Demographics of 2025 ice arrests
Executive summary
ICE arrests and detention in 2025 surged compared with the prior administration: ICE ERO was averaging roughly 1,100 arrests per day in recent weeks according to government-derived reporting [1], and ICE’s detainee population reached record highs near 66,000 with roughly 70–71% of detainees reported as having no criminal conviction in multiple accounts [2] [3]. Different outlets analyzing ICE data show that a majority or large plurality of people arrested or booked in 2025 had no criminal convictions, while violent-conviction shares remained small [4] [5].
1. Mass arrests, not meeting the quota but far above past rates
ICE arrest counts climbed dramatically in 2025; Axios reports Enforcement and Removal Operations (ERO) was arresting about 1,100 people per day in recent weeks — far short of an oft-cited 3,000-per-day administration goal but substantially higher than the Biden-era pace [1]. Other outlets and internal figures cited by CBS place ICE and partner agencies’ combined apprehensions at hundreds of thousands since January 2025, with ICE alone carrying out roughly 278,000 interior arrests in some tallies [2] [6]. These numbers show a deliberate and sustained enforcement intensification even if the most ambitious targets were not met [1] [2].
2. Most detainees arrested by ICE had no criminal conviction
Multiple independent analyses of ICE and DHS data find that a large share of people in ICE custody in 2025 had no criminal convictions. Migration Policy and other outlets report roughly 71% of ICE detainees lacked criminal convictions as of mid‑to‑late 2025 [3]. CBS News and Cato analyses similarly highlight that the fastest-growing cohort of ICE arrests were unauthorized immigrants without criminal records and that roughly two-thirds to three-quarters of detainees lacked convictions [2] [4]. These cross‑source consistencies indicate a policy shift toward broader interior enforcement beyond people with violent or serious criminal histories [3] [4].
3. Violent convictions remained a small share of arrests
Reporting across outlets finds that very few ICE arrests involved people convicted of violent crimes. The Cato Institute noted that over 93% of ICE book‑ins through mid‑June 2025 had never been convicted of a violent offense, and the New York Times found that less than 30% of people in high‑profile local operations had criminal convictions at all, with violent convictions a much smaller slice [4] [5]. Stateline’s state-level breakdowns show variation — some states’ arrest cohorts had higher shares of violent convictions (Hawaii 15%, Vermont 13%, California and Nebraska 12%) — but those were exceptions rather than the national norm [7].

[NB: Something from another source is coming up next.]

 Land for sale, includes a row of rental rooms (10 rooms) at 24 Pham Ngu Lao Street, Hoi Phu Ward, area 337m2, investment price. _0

4. Geographic and operational patterns: interior arrests and targeted operations
Reporting emphasizes a shift from border‑centric apprehensions to interior arrests and courthouse or workplace operations. ICE’s ERO has increasingly focused on arrests inside the U.S., and large federal operations in cities (Los Angeles, Chicago, D.C., Massachusetts) produced spikes where more than half of arrestees in some operations had no criminal record, even as nationwide figures were nearer one‑third without records in some sets [8] [5]. Cato and other analysts flag that many arrests are “non‑specific” street arrests and workplace or check‑in apprehensions, raising concerns about profiling and enforcement tactics [9] [4].
5. Discrepancies, potential biases, and data limits
Sources use different datasets and definitions. The Guardian notes ICE’s biweekly detention reports and cautions arrests may be undercounted because ICE reports only arrests that result in entering ICE detention; other databases count book‑ins or FOIA‑obtained arrest logs, and duplicates or multiple arrests of the same person can inflate totals [10] [1]. Some summaries (think tanks, advocacy sites) emphasize the share with no convictions to critique policy [4] [11], while agency releases characterize many arrestees as immigration violators with various offense histories [8]. These methodological differences mean headline percentages (65–73% with no convictions; 71% no violent convictions) are broadly consistent across reporting but not interchangeable without noting how “book‑ins,” “detainees,” and “arrests” were counted [4] [3].
6. What the numbers imply politically and legally
Journalistic and policy sources draw contrasting inferences. Critics argue the surge reflects an intentional expansion to detain and remove non‑criminal immigrants and warn of profiling, family separations, and strained court backlogs [9] [3]. Administration advocates point to operational goals and public‑safety rationales, and ICE historically asserts ERO targets those who “may present threats” while also conducting administrative arrests [8] [1]. Both interpretations rely on the same government data but emphasize different subsets: volume and non‑criminal shares for critics, arrest rates and operational reach for proponents [8] [1].
Limitations and next steps: available sources do not mention post‑Oct 15, 2025 nationwide arrest totals reconciled across ICE, CBP and HSI into a single dataset; researchers should consult ICE’s biweekly detention releases, FOIA datasets used by the Deportation Data Project, and the New York Times/UC Berkeley analyses for the most granular counts before drawing final conclusions [10] [1] [5].